動物は料理をしないように。料理を振る舞わないように。

芝居も、あらゆる生命の中で人間だけが
獲得した一つの特権なのかもしれない

演出のテツタさんは、役者の出してきたものに対して支持を出していく

「タッキーここはさ、全部上から言って」

読んできた役者達の
イマジネーションや表現は一人一人の個性だ。
誰一人その物語を同じように読むことなんてないだろう。台本は小説と違い、役者の心情や表情などは親切に書かれていない。
だからこそ間違っているなんてことは一つもない。読んできた経験や深み、反応を役者が演じることで

舞台上にもう一つの別世界が立ち上がる

それはこれまでやってきた気持ちの癖のようなものでもあり、表現の得意技であったり、そんな塊(かたまり)なのだ稽古場は

演出はそれを一つに束ねる。

「池田さん、演り過ぎないで」
「そうそう、抜けたところがいいです」

そうすると役者に気がつくことがある。
むしろ僕らは気がつくことだらけだ。
自分の発想からだけでは、僕らは小さなままだ。

ただただテツタさんは僕に栄養を与え続けている。
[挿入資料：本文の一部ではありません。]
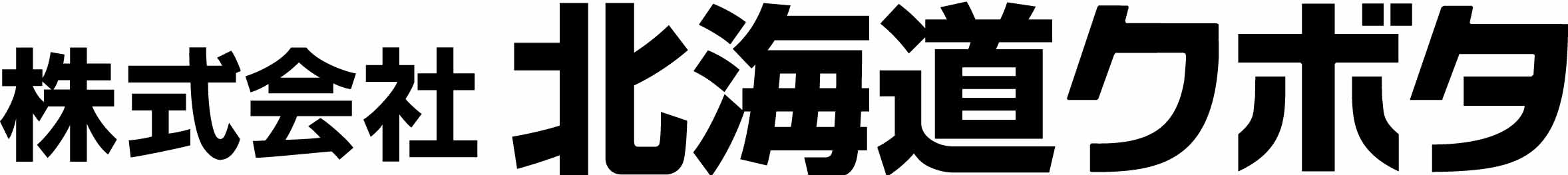 株式会社北海道クボタ 中央支社
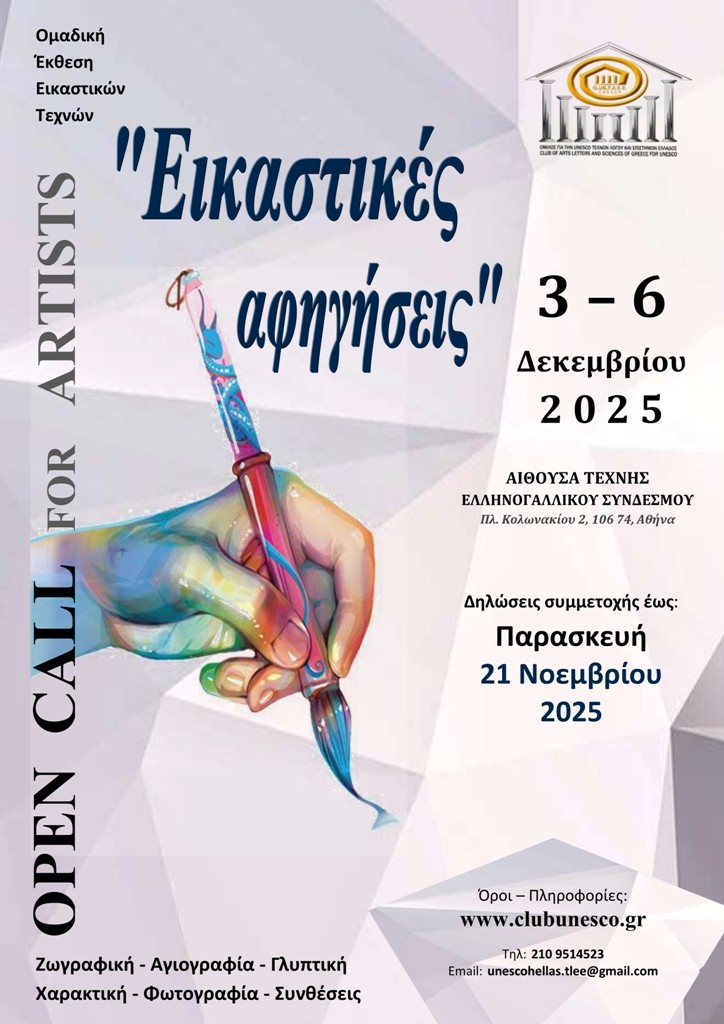 «Εικαστικές αφηγήσεις» στην Αίθουσα Τέχνης Ελληνογαλλικού Συνδέσμου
台本から「シバイハ戦ウ」の田河という記者の種を植え、物語を育てている。

だからだろうか

今回の稽古場でテツタさんが変わったなと思うところがある。
「認める」
「待つ」
「褒める」

を徹底していることだ。
テツタさんは役者がメインだ、
演出はこのテッピンという企画だからやっている

出会った頃のテツタさんは、
もっと芝居に細かくいろんな指摘と指示のオンパレードだったような気がする。
そういえばあの頃に丁度テツタさんの子供が産まれた時期だった。

あれから10年以上になる。
子供を育てて、その歩みを、みながら
いろんな演出の芝居にも出演して
たくさん俳優は若手や年配の交流、色々な演出家や作品に稽古場と舞台を踏んで

子供が産まれてわかることは、
この生命が
あまりに、最初、何もできないことだ。
あまりにも無力ということだ。
ひとりで生きてはいけないということだ。
初めは世話から始まり、色々してあげる

そこから、一つできて、二つできて
それが喜びで、それが自分の発見で

僕はこの稽古場で、
そんな父でもある親のテツタさんの
面影も見ている、気がする。


戦って、獲得したもの
戦って、捨てたもの

続けて、わかること。




シバイハ戦ウ。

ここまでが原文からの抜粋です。